Par décision du 26 octobre 2023, la commission a déclaré son dossier recevable.
Par décision du 21 décembre 2023, la commission a décidé d’ordonner un rétablissement personnel sans liquidation judiciaire au motif que sa situation est irrémédiablement compromise.
La décision a été notifiée le 29 décembre 2023 à Monsieur [F] [I] et Madame [V] [I] qui l’ont contestée par courrier envoyé à la commission le 20 janvier 2024.
Les parties ont été convoquées à l’audience du juge des contentieux de la protection du tribunal judiciaire de Paris du 20 mars 2025, à laquelle l’affaire a été retenue après plusieurs renvois aux audiences des 2 mai 2024, 12 septembre 2024, 12 décembre 2024 et 6 mars 2024, à la demande des demandeurs pour les premiers et afin de permettre aux demandeurs de comparaître valablement selon les modalités de l’article R713-4 du code de la consommation pour deux derniers.

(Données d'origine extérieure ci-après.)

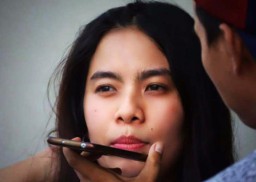 Sengketa Lahan dengan Warga Perak, Ini Penjelasan Pelindo III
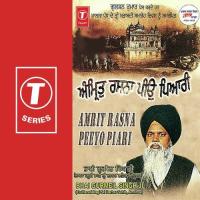 Daata Oh Na Mangiyei Bhai Gurmail Singh Ji Song Download Mp3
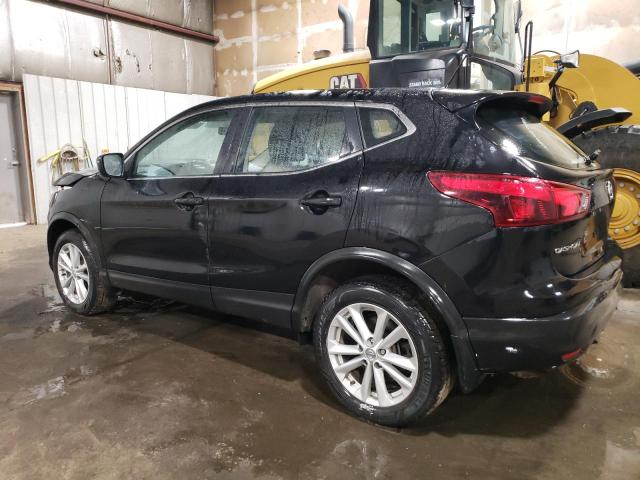 Vin: jn1bj1cr3hw101793, lot: 51656065, nissan rogue s 20172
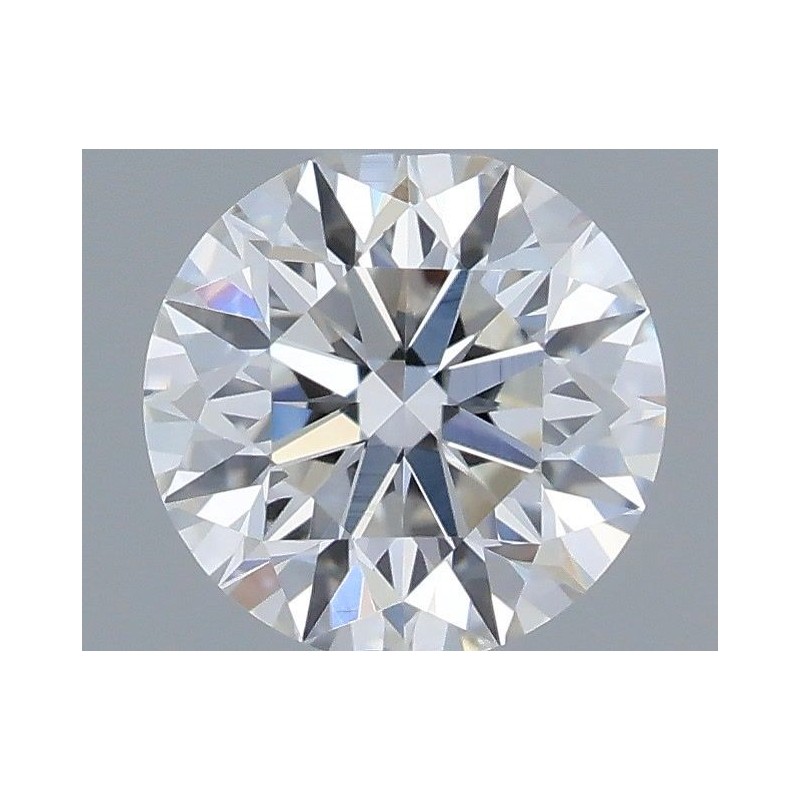 Diament szlif okrągły, 0.31ct, VVS2, F, GIA 2524480862 Diament szlif okrągły, 0.31ct, VVS2, F, GIA 2524480862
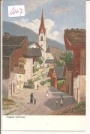 Hippach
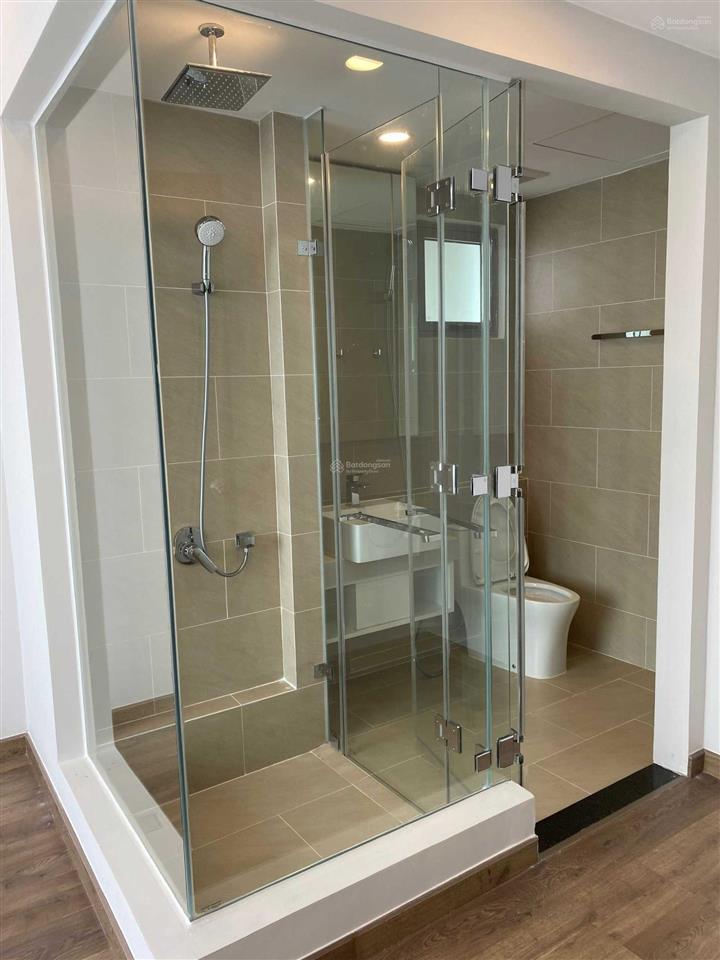 Chính chủ cần cho thuê gấp loạt căn hộ cao cấp giá siêu tốt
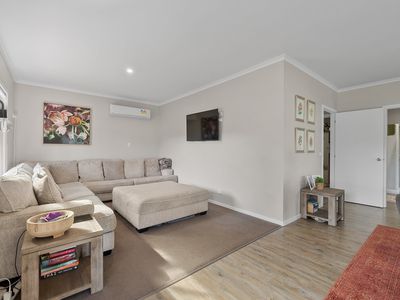6 Glenbervie Road, Dover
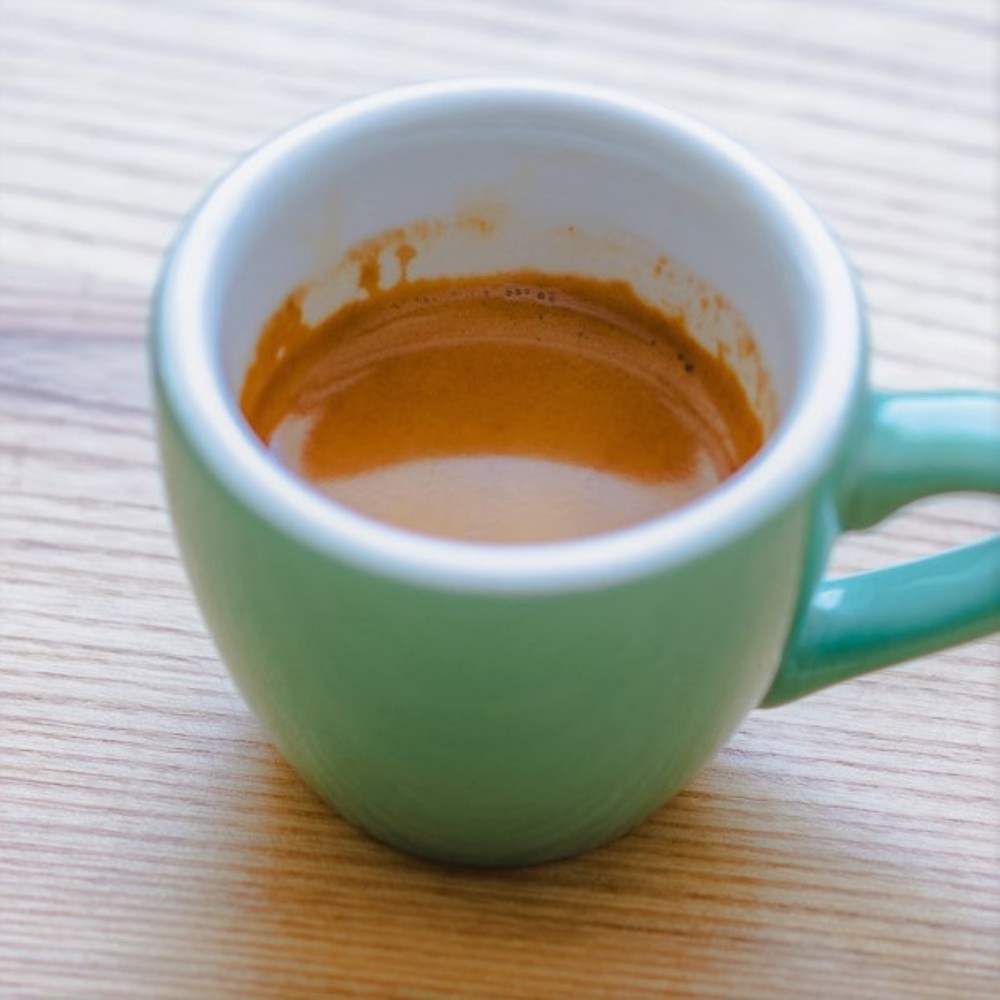 Thumb espressosugarsalt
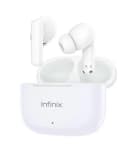 Infinix TWS Xbuds N4 Pro (XE32)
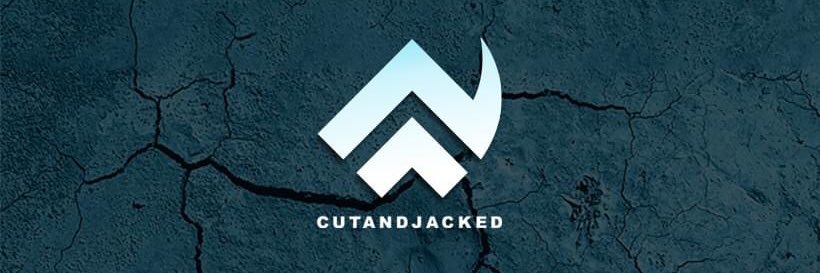 CutAndJacked banner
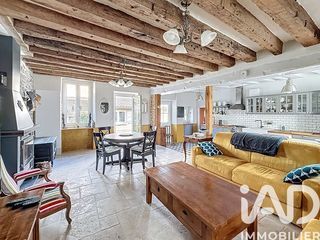  Appartement � vendre 3 pi�ces 100 m�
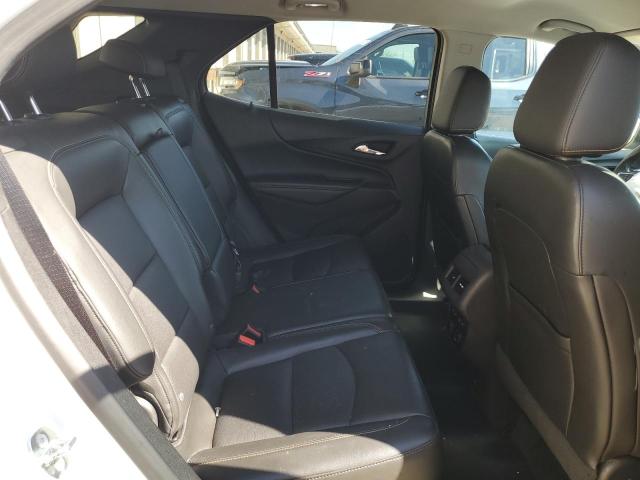 2018 CHEVROLET EQUINOX PREMIER 2GNAXMEV0J6156857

Les consorts [I], comparaissant valablement par écrit, conformément aux dispositions de l’article R713-4 du code de la consommation, aux termes de conclusions reçues le 18 mars 2025, et dont la débitrice a reçu copie par lettre recommandée avec avis de réception signée le 16 décembre 2024, dans lesquelles ils demandent :
— d’annuler la décision du 26 octobre 2023 portant effacement total de leur créance ;
— de condamner Madame [L] [Y] à leur verser la somme de 500 euros en application de l’article 700 du code de procédure civile et aux dépens.

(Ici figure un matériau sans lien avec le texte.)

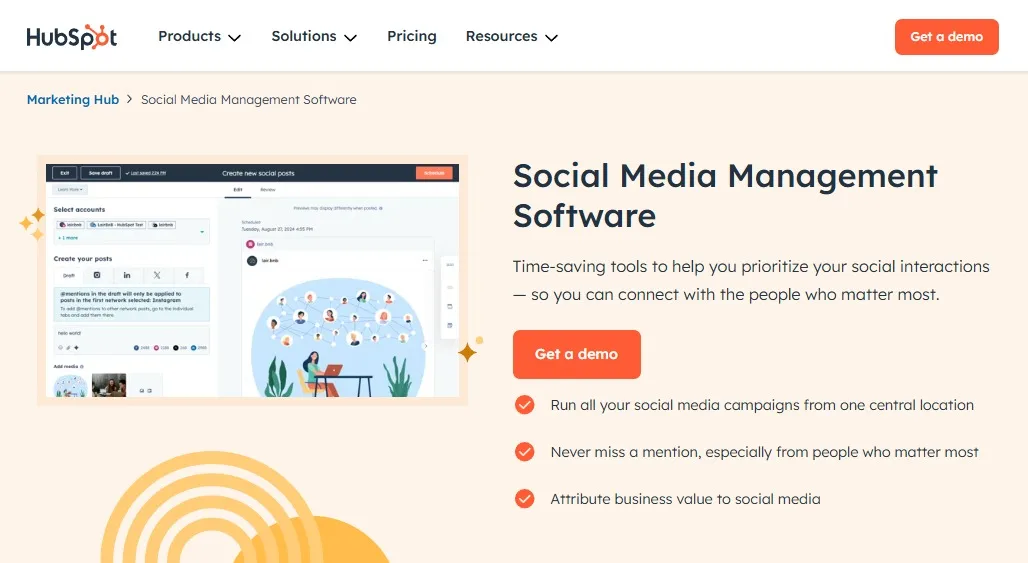 Bulk Scheduling Tools45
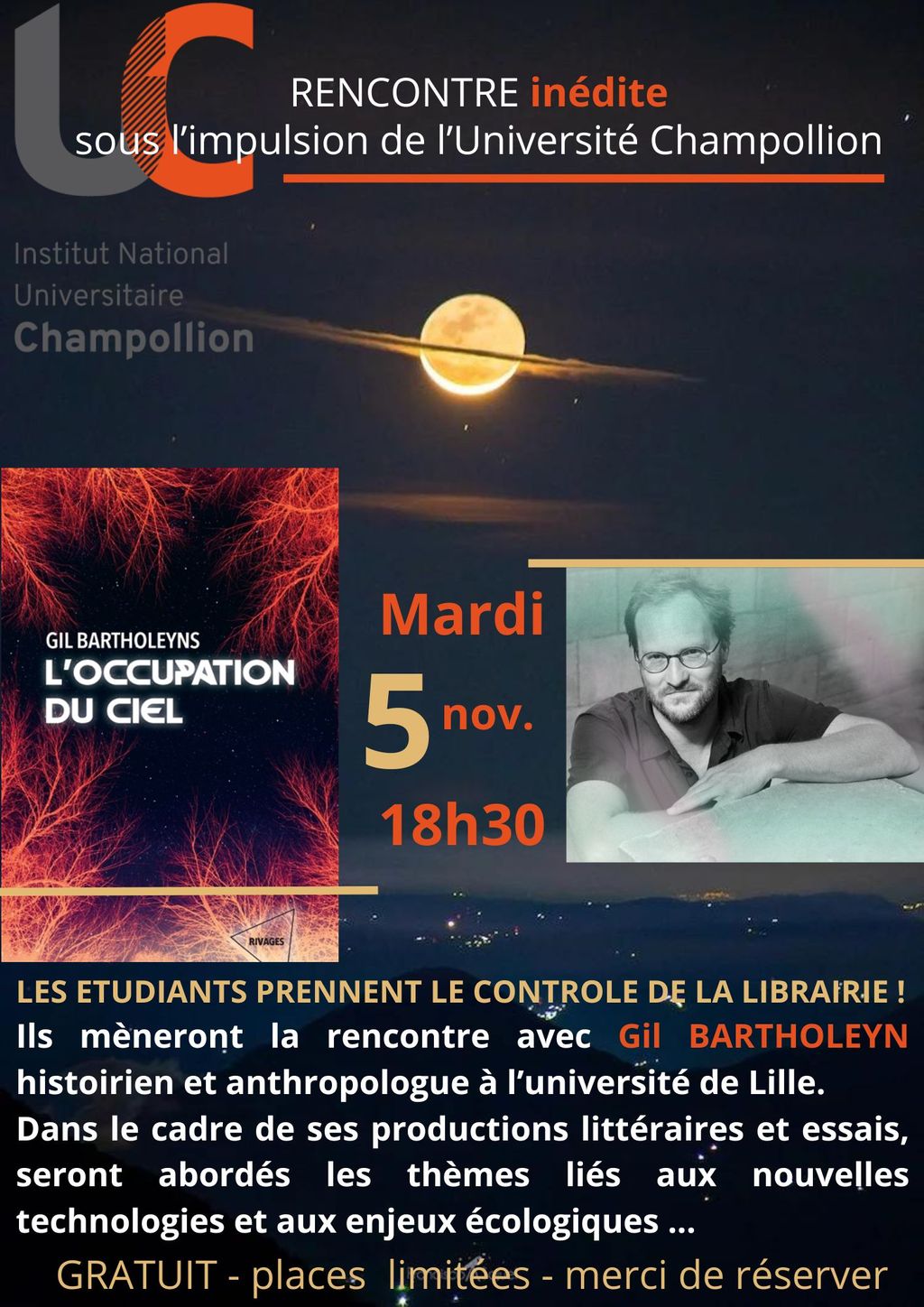 Rencontre-inedite-champollion-bartholeyns-clair-obscur-5-nov-2024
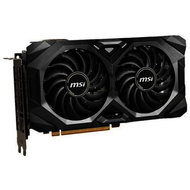 Msi-radeon-rx-5700-mech-gp-oc-8gb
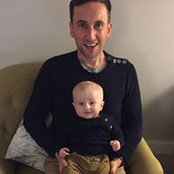 Fraser Law's photo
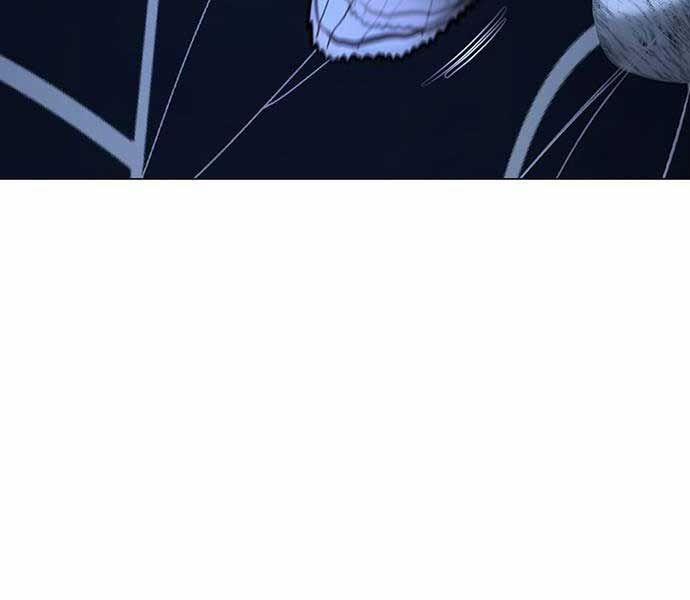 Nhiệm Vụ Đời Thật 141 trang 331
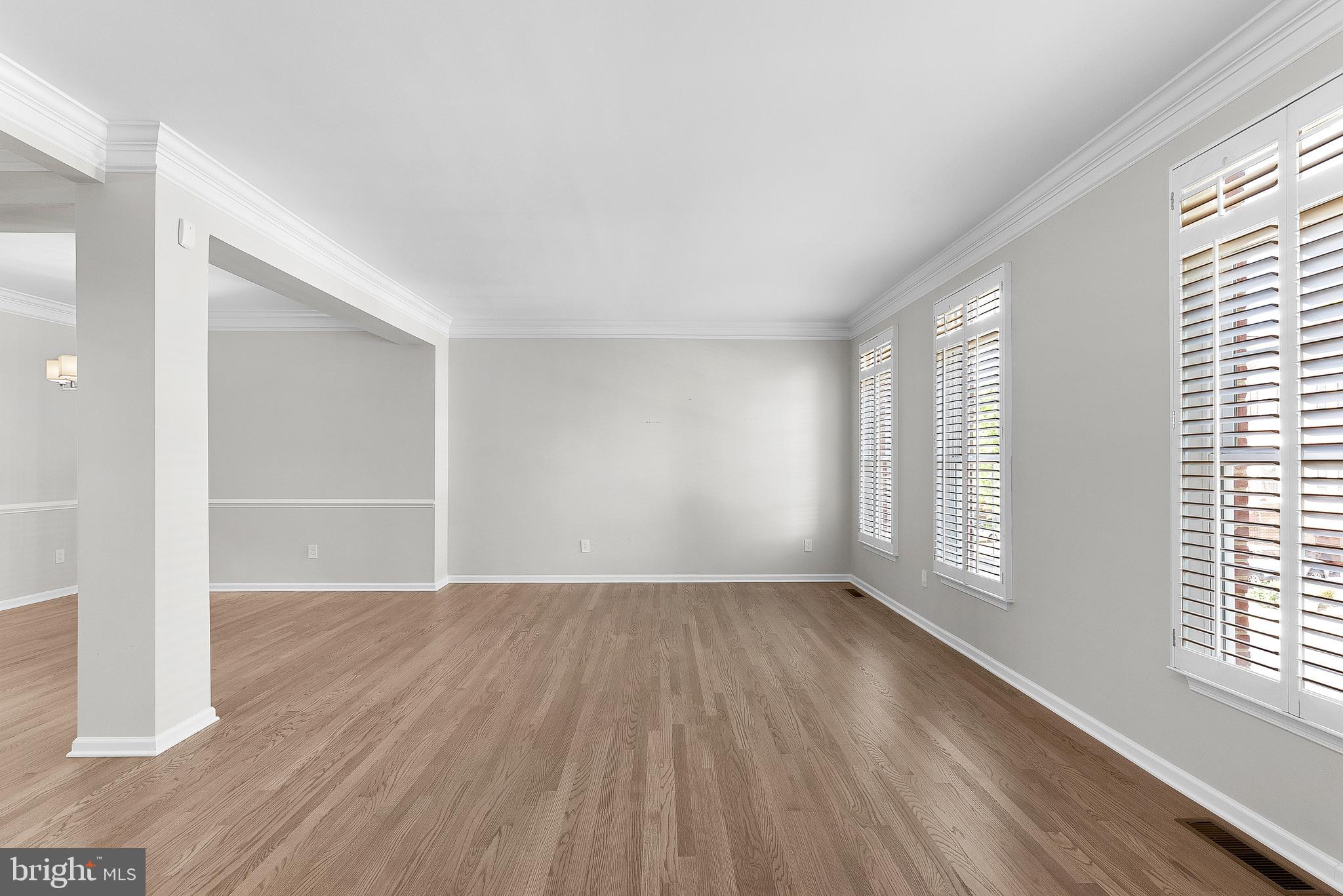 218 MISTY POND TER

Au soutien de leurs demandes, ils font valoir que la débitrice se trouve de mauvaise foi pour se maintenir dans l’appartement dont ils sont propriétaires sans droit ni titre depuis le 15 décembre 2020 sans s’acquitter intégralement de l’indemnité d’occupation à laquelle elle a été condamnée par décision du juge des contentieux de la protection du tribunal judiciaire de Paris en date du 15 décembre 2020. Ils soutiennent en outre que la débitrice n’a entrepris aucune démarche sérieuse pour se reloger en 4 ans.
Madame [L] [Y], comparaissant en personne et accompagnée de son assistance sociale, demande le bénéfice d’un rétablissement personnel sans liquidation judiciaire. Affirmant sa bonne foi, elle déclare s’acquitter régulièrement de l’indemnité d’occupation et que la dette locative s’élève désormais à la somme de 20 871,35 euros. Elle indique également avoir fait plusieurs demandes de logements sociaux sans que celles-ci n’aboutissent car les logements proposés n’étaient pas adaptés à son état de santé. Elle précise en outre que sa demande de logement social a été reconnue comme prioritaire par le dispositif Droit au Logement Opposable (DALO). Au soutien de sa demande tendant au prononcé d’un rétablissement personnel sans liquidation judiciaire, elle indique être dans une situation financière difficile au regard de ses faibles revenus, qu’elle ne perçoit qu’en partie, et de ses problèmes de santé. Elle s’oppose enfin à la demande des consorts [I] au titre de l’article 700 du code de procédure civile.
Les autres créanciers, convoqués, n’ont pas comparu et n’ont pas fait connaître leurs observations dans le respect des dispositions de l’article R. 713-4 du code de la consommation.
A l’issue des débats, la décision a été mise en délibéré au 20 mai 2025, par mise à disposition au greffe.
MOTIFS DE LA DECISION
Sur la recevabilité du recours
En application des dispositions de l’article L. 741-4 du code de la consommation, les parties disposent de trente jours pour contester devant le juge des contentieux de la protection le rétablissement personnel sans liquidation judiciaire imposé par la Commission, à compter de la notification de cette décision. Selon l’article R. 741-1 du même code, cette contestation se forme par déclaration remise ou adressée par lettre recommandée avec demande d’avis de réception au secrétariat de la commission et indique les nom, prénoms et adresse de son auteur, la recommandation contestée ainsi que les motifs de la contestation, et est signée par ce dernier.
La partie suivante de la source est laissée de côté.